— EXERCISE MATERIAL —
»»

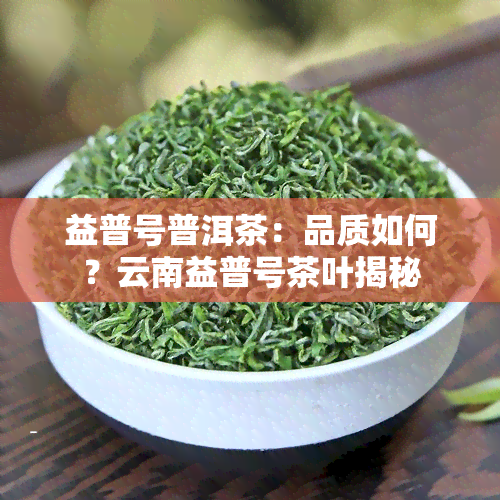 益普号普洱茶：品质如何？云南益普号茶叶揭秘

««
»»

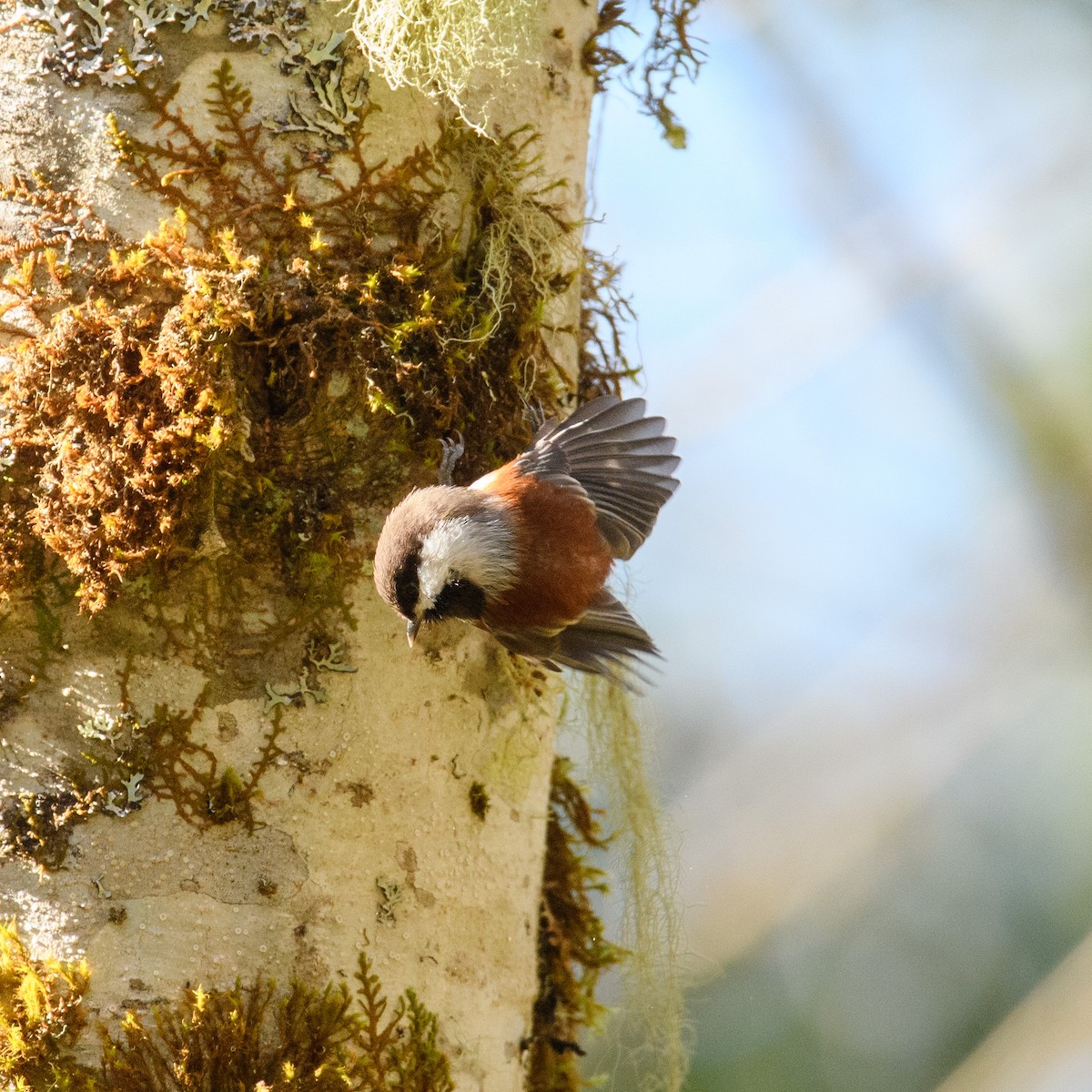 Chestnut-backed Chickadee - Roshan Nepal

««
»»

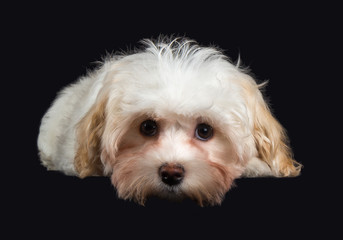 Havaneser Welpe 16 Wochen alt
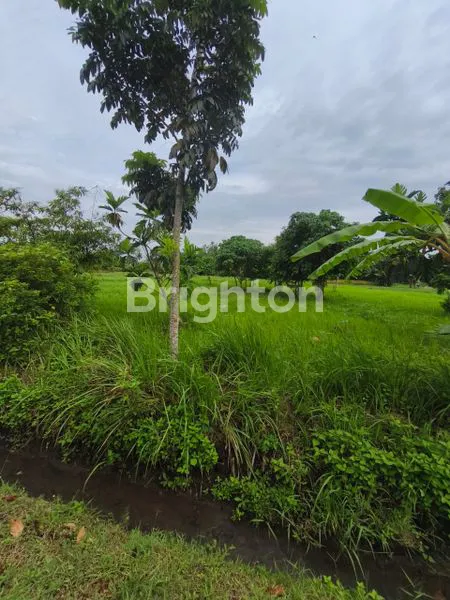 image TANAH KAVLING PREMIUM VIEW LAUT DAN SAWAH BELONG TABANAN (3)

««

Above are the records; copy exactly the lines from the one with "Havaneser Welpe 16 Wochen alt" through the one with "image TANAH KAVLING", including both, and nothing more. Leave out pictures.

 Havaneser Welpe 16 Wochen alt
 image TANAH KAVLING PREMIUM VIEW LAUT DAN SAWAH BELONG TABANAN (3)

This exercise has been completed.